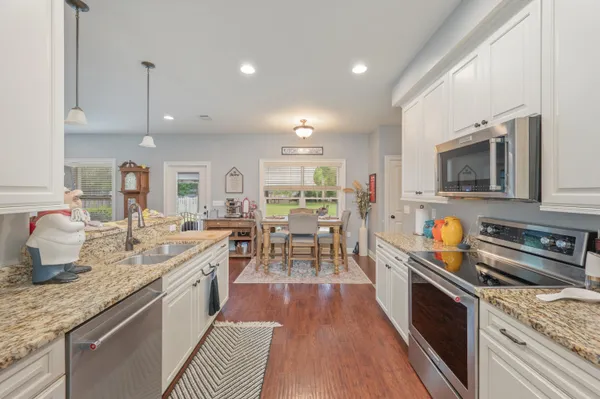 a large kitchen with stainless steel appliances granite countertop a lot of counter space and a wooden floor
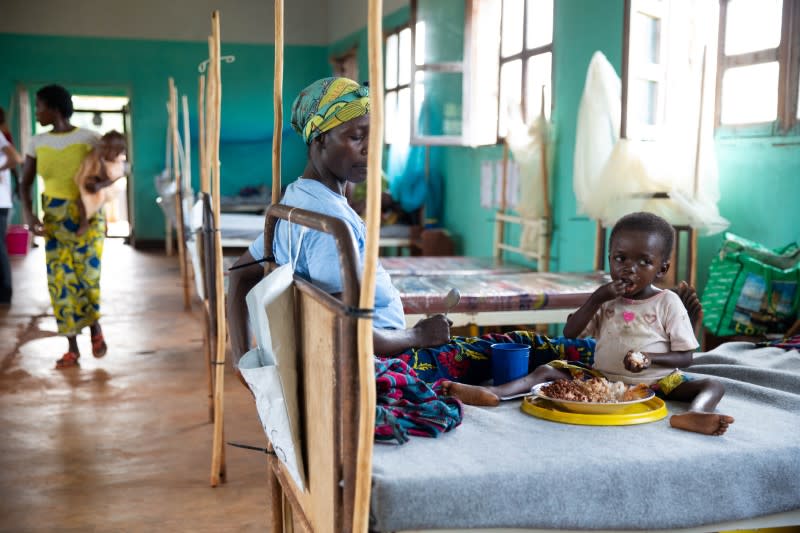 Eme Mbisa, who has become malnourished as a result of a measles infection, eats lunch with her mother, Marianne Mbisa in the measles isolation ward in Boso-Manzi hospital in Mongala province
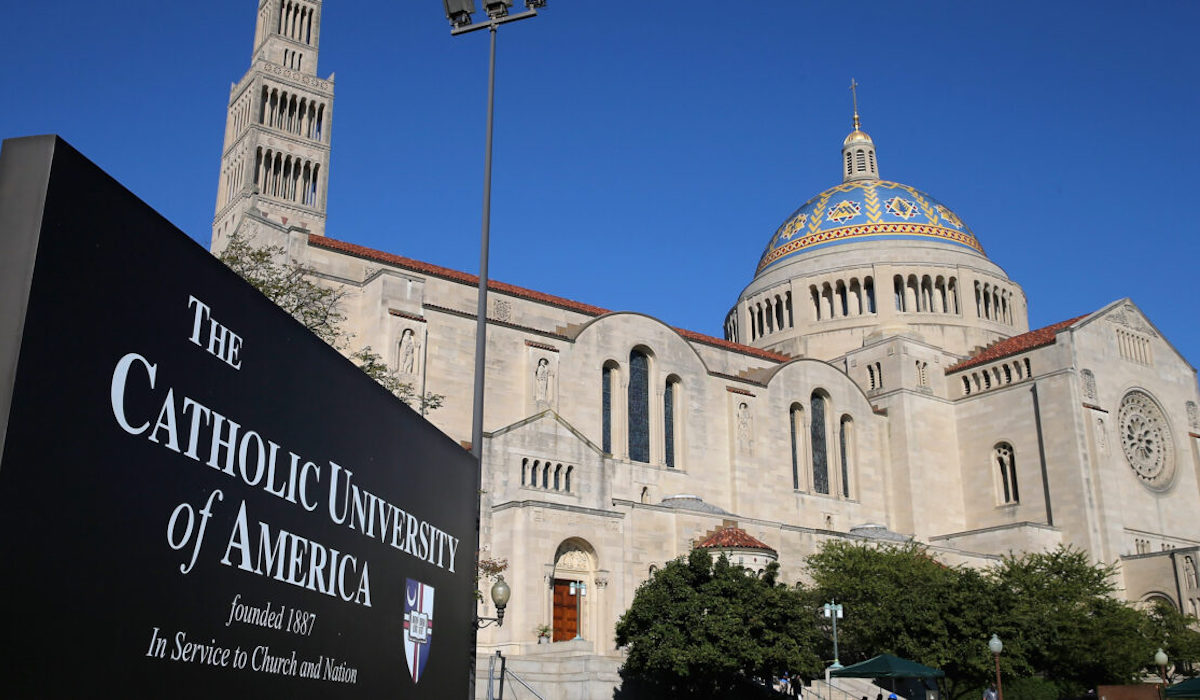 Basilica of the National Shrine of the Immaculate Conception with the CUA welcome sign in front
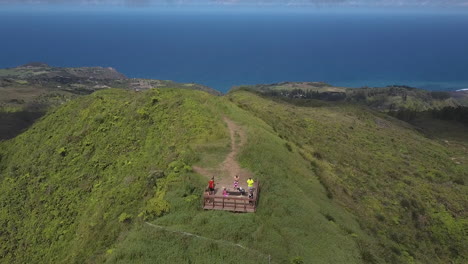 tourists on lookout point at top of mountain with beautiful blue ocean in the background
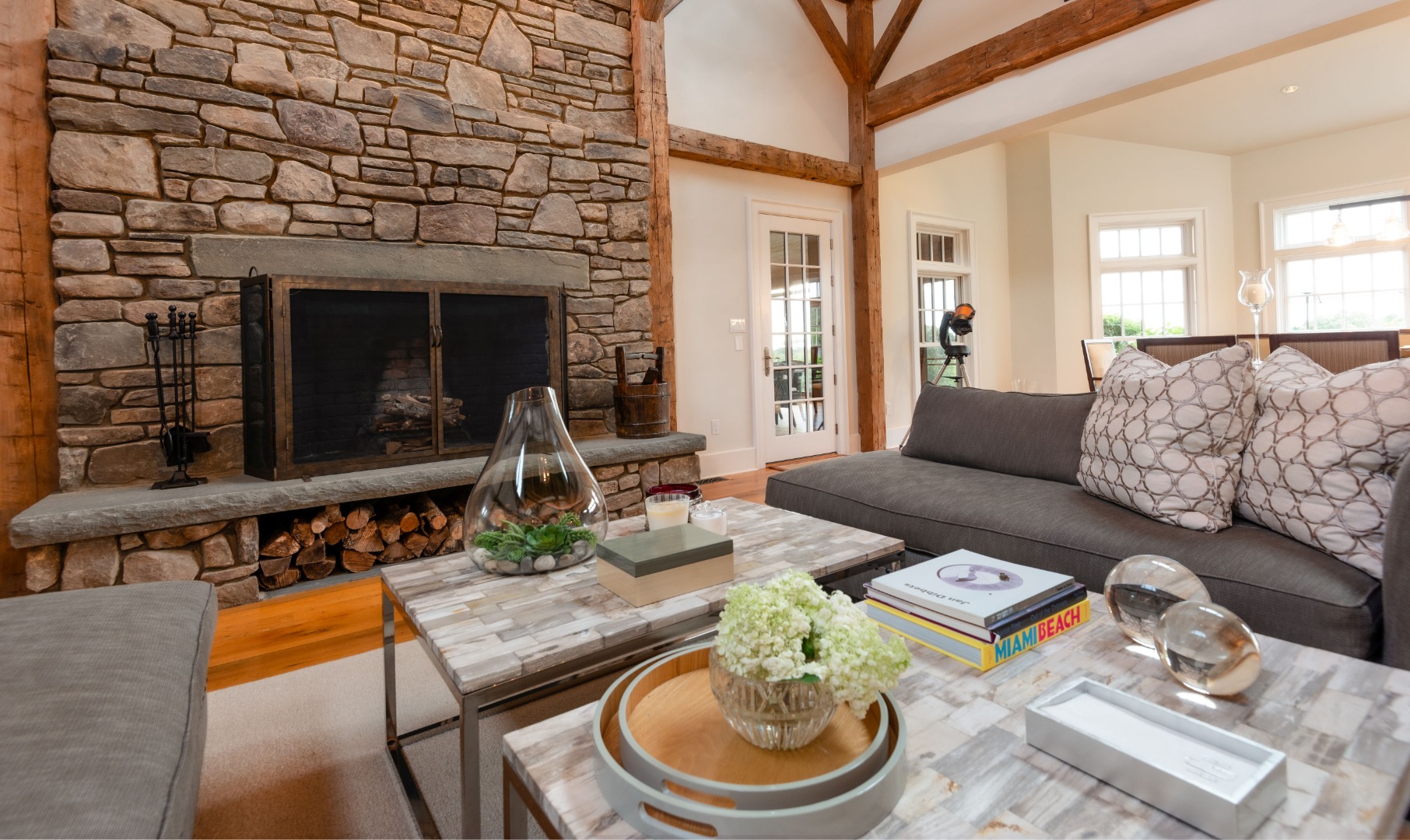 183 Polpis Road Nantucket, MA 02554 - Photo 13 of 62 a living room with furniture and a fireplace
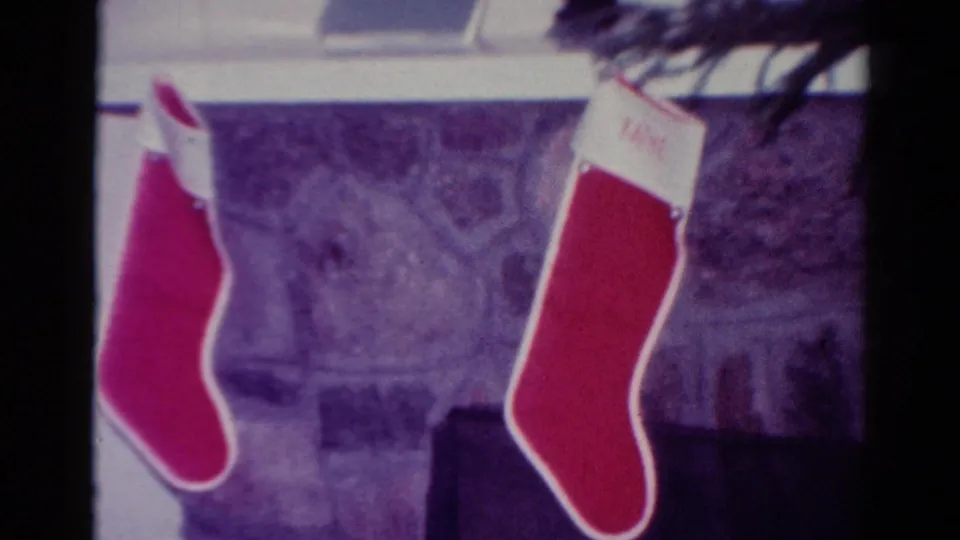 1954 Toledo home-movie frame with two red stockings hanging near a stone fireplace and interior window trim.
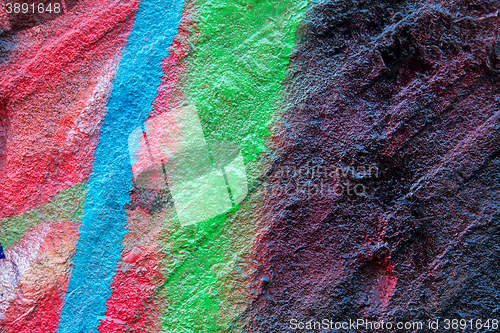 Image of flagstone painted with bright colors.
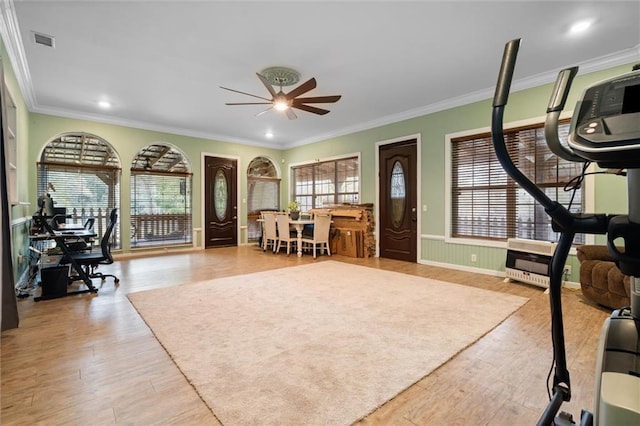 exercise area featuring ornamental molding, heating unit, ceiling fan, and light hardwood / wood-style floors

■ ■ ■ ■ ■ ■ ■

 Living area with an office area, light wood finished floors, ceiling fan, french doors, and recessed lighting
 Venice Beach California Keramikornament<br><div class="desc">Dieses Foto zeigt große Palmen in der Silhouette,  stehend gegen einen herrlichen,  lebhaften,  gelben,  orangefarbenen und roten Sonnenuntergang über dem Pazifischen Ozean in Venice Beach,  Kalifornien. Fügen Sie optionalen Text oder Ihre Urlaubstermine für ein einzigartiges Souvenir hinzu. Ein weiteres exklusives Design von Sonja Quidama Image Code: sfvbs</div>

■ ■ ■ ■ ■ ■ ■

ABOUT THIS EXERCISE — Return the stretch of data that begins with the line showing "a large kitchen" and goes on through the line showing "183 Polpis Road", exactly, with pictures removed.

RESULT BELOW —
 a large kitchen with stainless steel appliances granite countertop a lot of counter space and a wooden floor
 Eme Mbisa, who has become malnourished as a result of a measles infection, eats lunch with her mother, Marianne Mbisa in the measles isolation ward in Boso-Manzi hospital in Mongala province
 Basilica of the National Shrine of the Immaculate Conception with the CUA welcome sign in front
 tourists on lookout point at top of mountain with beautiful blue ocean in the background
 183 Polpis Road Nantucket, MA 02554 - Photo 13 of 62 a living room with furniture and a fireplace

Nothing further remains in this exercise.